Эта картинка довела до того, что можно назвать конструктивистским головокружением – когда стало казаться, что мы вообще никогда не имеем дела с реальностью. Ведь, казалось бы, реальность – это то, что я вижу. Но мы знаем теперь, что я вижу то, что хочу, и если проецирую кролика – то вижу кролика; и есть подозрение, что другой человек видит что-то иное. В этой ситуации все интеллектуальные усилия тратятся на то, чтобы плюрализовать собственное видение, узнавать, что видят другие. Но на этом все заканчивается; и, конечно, при таком подходе к реальности красота не возникает никогда. Так возникает только то, что можно называть интересным. Человек называет интересным обычно именно этот переход от кролика к утке. Можно сказать тогда, что все новое в этом мире – это просто переключение видения.

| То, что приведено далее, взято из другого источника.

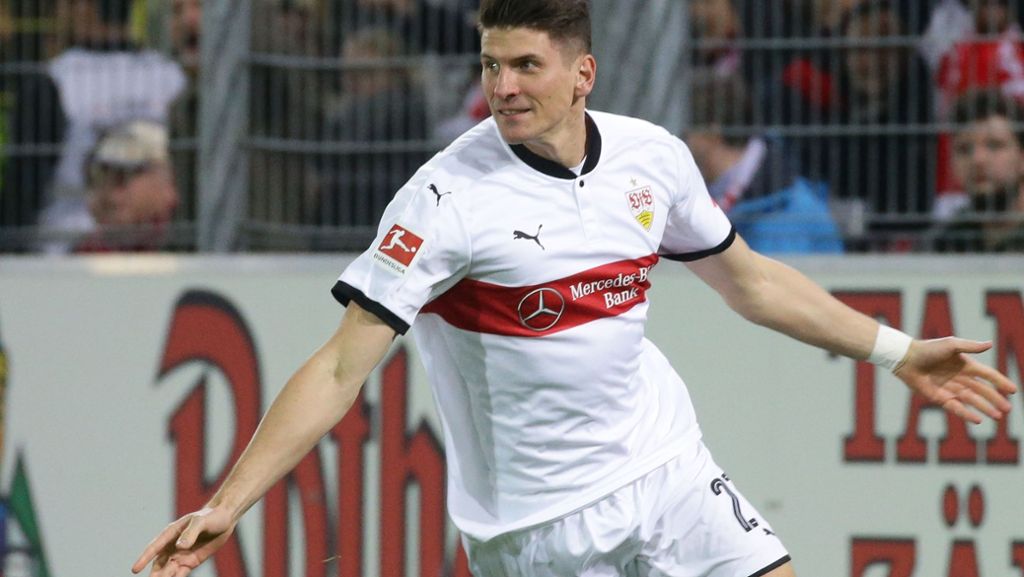  Warum es sehr wahrscheinlich ist, dass der Starstürmer Mario Gomez vom VfB Stuttgart im Heimspiel am Sonntagabend (18 Uhr) gegen den SC Freiburg ein Tor erzielt.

В ХХ веке, когда появилась модернистская литература, авангард, стало неприличным вообще использовать слово «красиво». Достаточно вспомнить знаменитое утверждение Гертруды Стайн, которая заявила, что красивыми бывают только обертки на конфетах, а великое произведение должно быть просто образцово некрасивым, чтобы отпугнуть дилетантов. Профаны не должны лезть в искусство, поэтому произведение должно быть очень скучным, очень некрасивым и очень неинтересным; все это – признаки (необходимые, но, конечно, не достаточные) гениального модернистского произведения.

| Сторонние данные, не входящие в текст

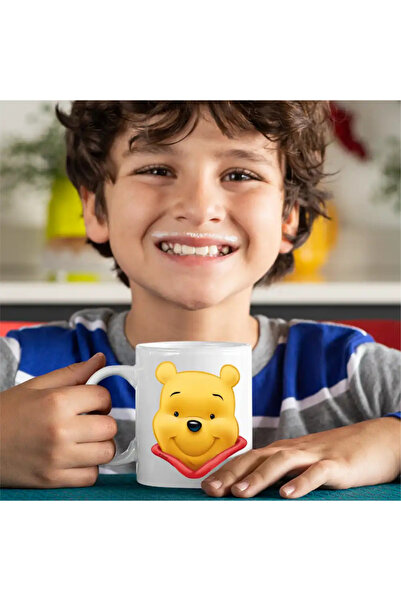 OEM Cana Winnie the Puh Pooh Cartoon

Потом такая точка зрения все-таки начала сдавать позиции, и постмодернизм открыл для себя «интересное». Сейчас очень любопытно наблюдать, что часто в том месте, где раньше сказали бы «красиво», говорят – «интересно». Интересное – это не обязательно красивое, потому что высказывание о том, что нечто красиво, требует определенной ответственности. Ведь что одному красиво, другому некрасиво. Поэтому в таких случаях предпочитают говорить «это интересно» – это значит, что это интересно тебе, а другому интересно что-то другое. В конце концов, нечто может быть безобразным, но интересным.

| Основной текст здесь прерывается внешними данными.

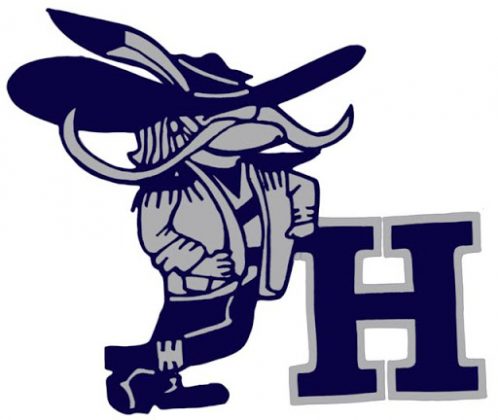 Howell’s Mascot “H” Is Sporting A New Face And Time Period - Jersey ...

Неожиданная защита красоты пришла со стороны Сьюзан Зонтаг[10], написавшей эссе[11], где она указывает как раз на этот любопытный феномен: да, мы приложили колоссальные усилия для того, чтобы похоронить это слово – «красота», – но оно остается. И Зонтаг замечает, что, конечно, почти все можно описать как интересное, но все-таки остаются вещи, которые не интересны, а красивы. Например, закат, говорит она, никак не интересен – он красив; и невозможно эту красоту свести к какому-то роду интересности.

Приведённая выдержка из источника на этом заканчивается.